Counts on custody could be useful. `column_index` as labels?
- Total count of columns in custody (counter)

Gossipsub domain metrics will be very handy imo. Should contain topic `data_column_sidecar_{subnet_id}` as labels;
- Number of gossip messages sent to each topic (counter)
- Number of bytes sent to each topic (counter)
- Number of gossip messages received from each topic (including duplicates) (counter)
- Number of bytes received from each topic (including duplicates) (counter)
- Number of gossip messages received from each topic (deduplicated) (counter)
- Number of bytes received from each topic (deduplicated) (counter)

Req/Resp domain metrics would be nice to have. Should contain protocol ID `/eth2/beacon_chain/req/data_column_sidecars_by_root/1/` and `/eth2/beacon_chain/req/data_column_sidecars_by_range/1/` as labels;
- Number of requests sent (counter)
- Number of requests received (counter)
- Number of responses sent (counter)
- Number of responses bytes sent (counter)
- Number of responses received (counter)
- Number of responses bytes received (counter)

jimmygchen avatar Jun 28 '24 15:06 jimmygchen

I think we have most of those gossip metrics

  • gossipsub_topic_msg_recv_bytes_total: number of bytes received through gossip
  • gossipsub_topic_msg_sent_bytes_total: number of bytes sent through gossip
  • gossipsub_topic_msg_recv_counts_unfiltered_total: number of unfiltered gossip topics received
  • gossipsub_topic_msg_recv_counts_total: number of gossip msg received
  • number of duplicates can be calculated from the above two metrics

We're lacking metrics on bytes sent / received over rpc, I've raised an issue for this (https://github.com/sigp/lighthouse/issues/6114)

There's a metrics for overall libp2p bandwidth libp2p_bandwidth_bytes_total, which provides a rough idea of how much bytes sent / received that are not through gossip.

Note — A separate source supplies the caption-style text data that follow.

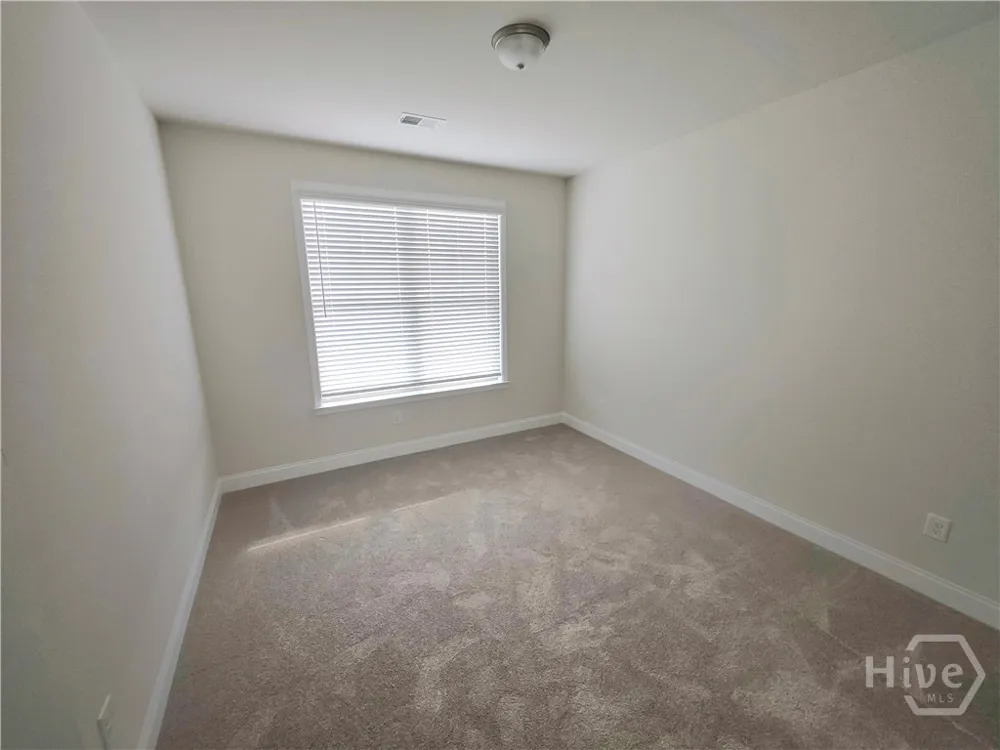 1092 Sunny Valley Lane Braselton, GA 30517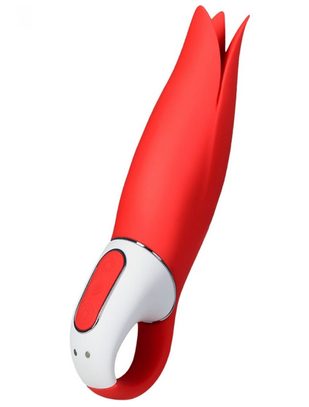 Satisfyer Power Flower vibrator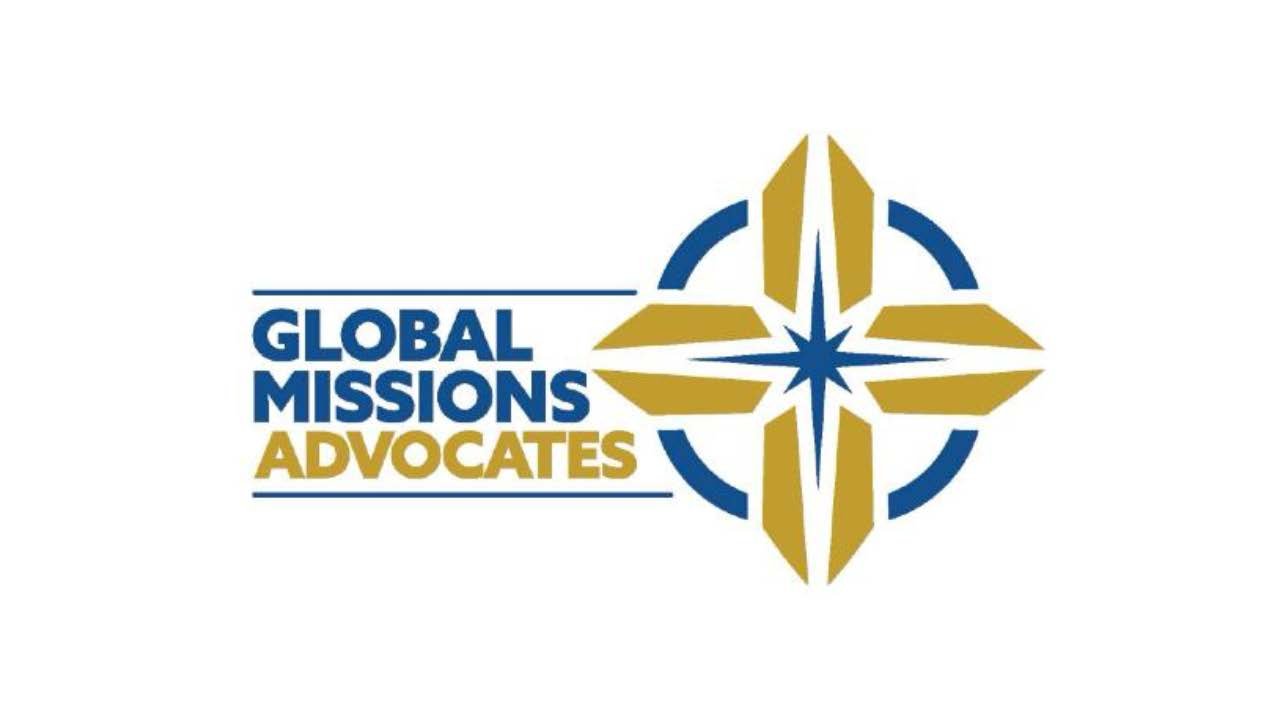 An Exciting Way to Help Your Diocese Unify&nbsp;and Grow&nbsp;in Global Missions Awareness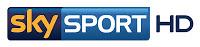 Finale di Europa League: il Benfica sfida i Campioni d'Europa del Chelsea (ore 20.45, tv Rete 4, Mediaset Premium, Sky)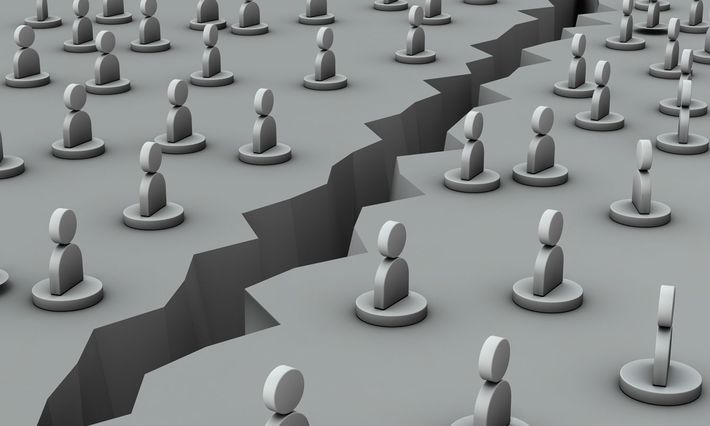 ※写真はイメージです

There is a "Network" dashboard (not up to date with PeerDAS) that includes usage of these metrics https://github.com/sigp/lighthouse-metrics/blob/master/dashboards/Network.json

and a draft dashboard for PeerDAS https://github.com/sigp/lighthouse-metrics/pull/54

jimmygchen avatar Jul 23 '24 00:07 jimmygchen

@KatyaRyazantseva is helping us with this as part of #6248 🙏

jimmygchen avatar Aug 21 '24 07:08 jimmygchen